Re: BUG #5288: Restoring a 7.4.5 -Fc dump using -j 2 segfaults (patch included)

Lists: pgsql-bugs
From: "Jon Erdman (aka StuckMojo)" <postgresql(at)thewickedtribe(dot)net>
To: pgsql-bugs(at)postgresql(dot)org
Subject: BUG #5288: Restoring a 7.4.5 -Fc dump using -j 2 segfaults (patch included)
Date: 2010-01-19 05:09:00
Message-ID: 201001190509.o0J5908J065090@wwwmaster.postgresql.org
Views: Raw Message | Whole Thread | Download mbox | Resend email
Lists: pgsql-bugs


The following bug has been logged online:

Bug reference: 5288
Logged by: Jon Erdman (aka StuckMojo)
Email address: postgresql(at)thewickedtribe(dot)net
PostgreSQL version: 8.5devel, 8.4
Operating system: Debian Sid
Description: Restoring a 7.4.5 -Fc dump using -j 2 segfaults (patch
included)
Details:

So, I still run 7.4.5 for my medical billing app, and in playing around with
8.5 at AustinPUG last week I discovered that if I try to restore one of my
backups from 7.4 (produced with 7.4 pg_dump) into 8.5devel using 8.5
pg_restore and -j 2, it immediately segfaults. 8.4 does as well.

I built 8.5 with debug to get a bt and investigate what's going on, and I
found that it's a dependency in the archive TOC that is much higher than the
highest dump id in the TOC. This doesn't seem all that odd, considering the
comment right above the offending block says there can be deps to things
that aren't in the archive.
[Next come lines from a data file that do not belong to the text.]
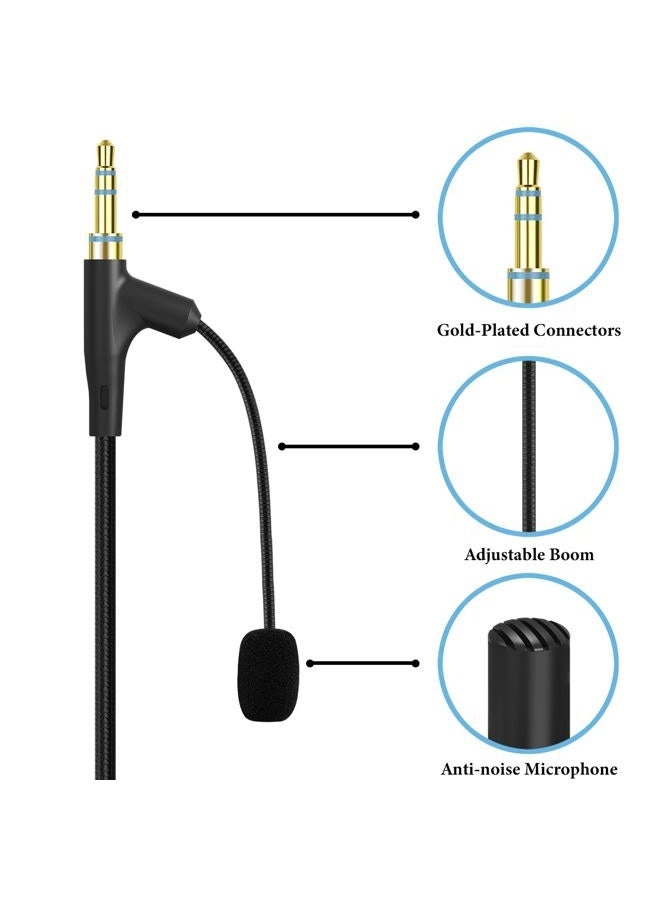 Boom Mic Headphones Cable for Sony WH-1000XM6 - 3.5mm 5.6ft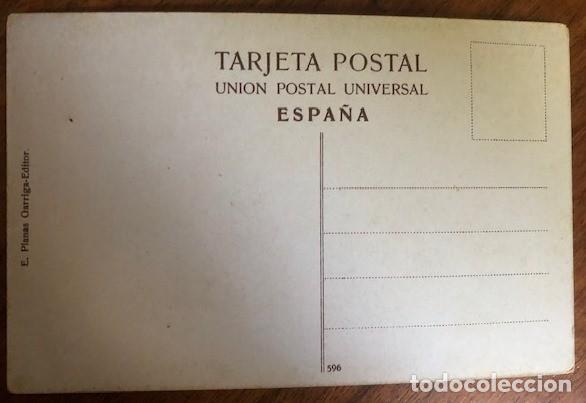 Postales: BARCELONA - MONUMENTO A CLAV&Eacute; Postal E. Planas Garriga Editor n&uacute;m. 596 - Foto 2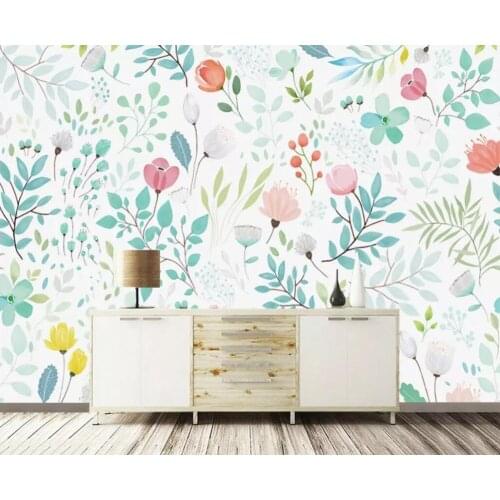 CJSIR Custom Photo 3D Wallpaper for Walls 3 D Nordic Hand-painted European Floral TV Background Bedroom Wall Paper Flooring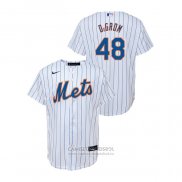 Camiseta Beisbol Nino New York Mets Jacob Degrom Replica Primera Blanco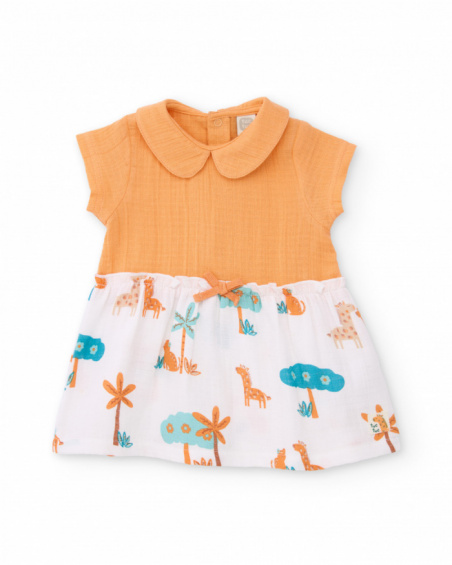 Newborn woven dress with snap buttons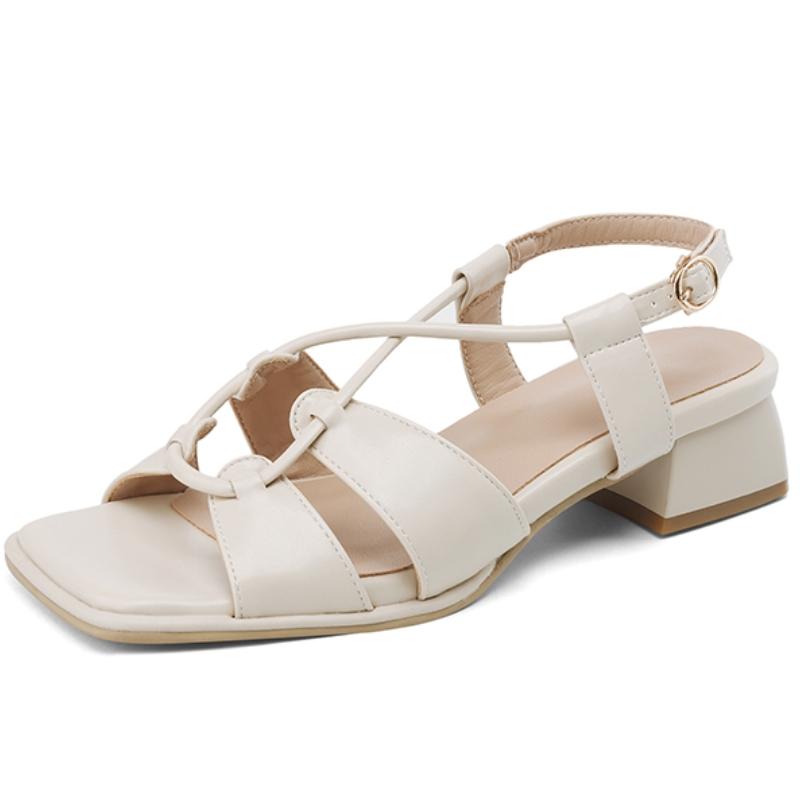 Luxury Silver Women Sandals Summer Shoes Low Heel Black Nude Party Shoes Designer Flip Flops Girls Large Size Footwear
This causes the code to index way off the end of
the array of TOC entries by dumpId.

After confirming that this dependency id is in the dumped TOC, I created a
patch to check for dumpIds greater than maxDumpId against today's 8.5devel,
which once applied causes the restore to proceed cleanly (and with 2 jobs).
This would be my first code contribution to PG, so I hope it gets accepted!
:) Oh, and in 8.4 the modified line number would be 3681.

Here is a gdb session showing what I found, and below that is my proposed
patch:

[jon(at)stuck daily]$ gdb --args /usr/local/stow/pgsql-8.5-dev/bin/pg_restore
-p 5435 -d debug -j 2 hef.20100113-000001.dmp
GNU gdb (GDB) 7.0-debian
Copyright (C) 2009 Free Software Foundation, Inc.
License GPLv3+: GNU GPL version 3 or later
<http://gnu.org/licenses/gpl.html>
This is free software: you are free to change and redistribute it.
There is NO WARRANTY, to the extent permitted by law. Type "show copying"
and "show warranty" for details.
This GDB was configured as "i486-linux-gnu".
For bug reporting instructions, please see:
<http://www.gnu.org/software/gdb/bugs/>...
Reading symbols from /usr/local/stow/pgsql-8.5-dev/bin/pg_restore...done.
(gdb) run
Starting program: /usr/local/stow/pgsql-8.5-dev/bin/pg_restore -p 5435 -d
debug -j 2 hef.20100113-000001.dmp
[Thread debugging using libthread_db enabled]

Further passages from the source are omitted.